All of lore.kernel.org
 help / color / mirror / Atom feed
From: James Simmons <jsimmons@infradead.org>
To: lustre-devel@lists.lustre.org
Subject: [lustre-devel] [PATCH 27/42] lustre: mgc: Use IR for client->MDS/OST connections
Date: Mon,  5 Oct 2020 20:06:06 -0400	[thread overview]
Message-ID: <1601942781-24950-28-git-send-email-jsimmons@infradead.org> (raw)
In-Reply-To: <1601942781-24950-1-git-send-email-jsimmons@infradead.org>

From: Amir Shehata <ashehata@whamcloud.com>

When a target registers with the MGS, the MGS sends an IR log
to the client to speed up recovery.

The IR log contains the updated NID information on the target
which just registered.

This patch allows clients to update their imports with the latest
NIDs for the targets reported in the IR log. It also allows clients
to create new connections for targets which were not added via
the config log.

For example if a target reboots and comes up with a new NID, then
the client can continue using it.

This functionality is disabled by default and can be enabled by
setting a new file system specific module parameter, dynamic_nids.
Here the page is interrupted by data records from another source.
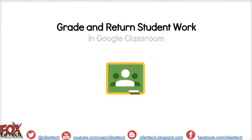This has been a brief demonstration on how to grade and return student work in Google Classroom.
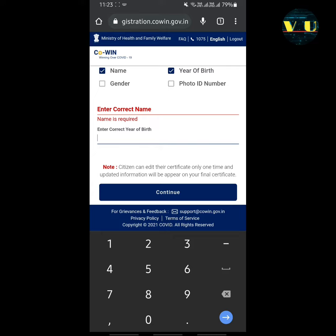It asks you to recheck your details, as this is a one-time verification process. So verify your details properly and click on 'Submit'. Within a few seconds your details will be updated and you can download your vaccination certificate.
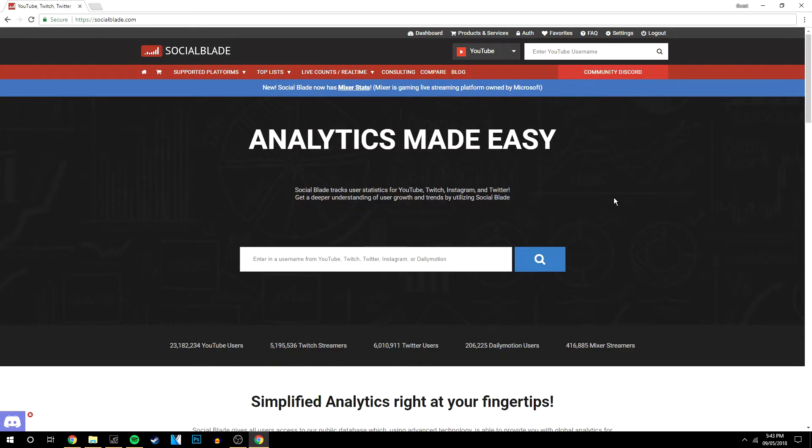That is how easy it is to sign up for a Social Blade account and set it up. If you haven't already signed up for a Social Blade account, please go and do it now, especially if you're a YouTuber that's growing.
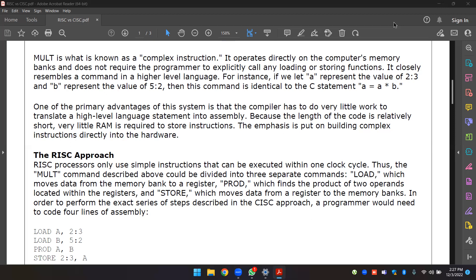The mult command described above would be divided into three separate commands: Load, which moves data from memory bank to register; Prod, which finds the product of two operands located within the register; and Store, which moves data from a register to the memory bank. In order to perform the same task as in the CISC approach, a programmer would need to code four lines of assembly.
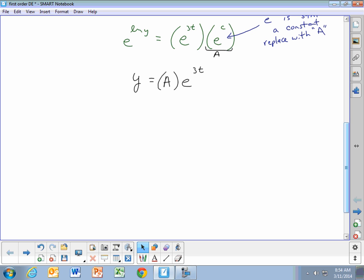This is a general solution to the equation — it doesn't take into account initial conditions. When you have dy/dt equals 3y, any equation of the form y equals A·e^(3t) is a solution to that differential equation. Any constant A will work, and if you take the derivative with respect to time, you get 3 times the original equation.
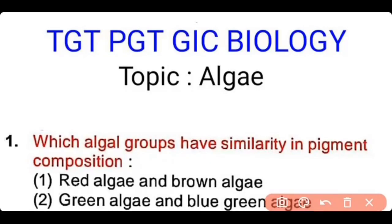In today's video, we will discuss the most important questions about algae for TGT, PGT, and different competitive exams.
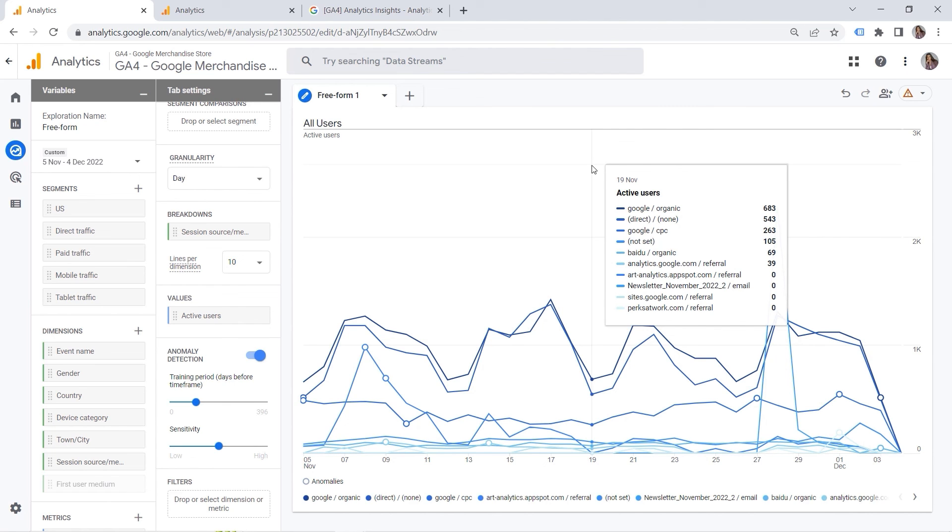Just to sum up, you can work with insights in your reports in the standard reports section. Or you could go further and you can have a look at your data in the explore section. And this is where you could work with anomaly detection. You have two slides that you could use for managing it, training period and sensitivity. And you could also use breakdowns to drill down into your data.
    lctl set_param mgc.*.dynamic_nids=1

This parameters will need to be set on the clients and the MGS

WC-bug-id: https://jira.whamcloud.com/browse/LU-10360
Lustre-commit: 37be05eca3f4ae ("LU-10360 mgc: Use IR for client->MDS/OST connections")
Signed-off-by: Amir Shehata <ashehata@whamcloud.com>
Reviewed-on: https://review.whamcloud.com/39613
Reviewed-by: Andreas Dilger <adilger@whamcloud.com>
Reviewed-by: Mike Pershin <mpershin@whamcloud.com>
Reviewed-by: Oleg Drokin <green@whamcloud.com>
Signed-off-by: James Simmons <jsimmons@infradead.org>
---
 fs/lustre/include/lustre_net.h   |  4 +++
 fs/lustre/include/obd.h          |  3 ++-
 fs/lustre/include/obd_class.h    |  2 ++
 fs/lustre/ldlm/ldlm_lib.c        | 44 ++++++++++++++++++++++++++++++
 fs/lustre/mgc/lproc_mgc.c        | 30 +++++++++++++++++++++
 fs/lustre/mgc/mgc_request.c      | 58 +++++++++++++++++++++++++++++++---------
 fs/lustre/obdclass/lustre_peer.c | 37 ++++++++++++++++++++++---
 7 files changed, 160 insertions(+), 18 deletions(-)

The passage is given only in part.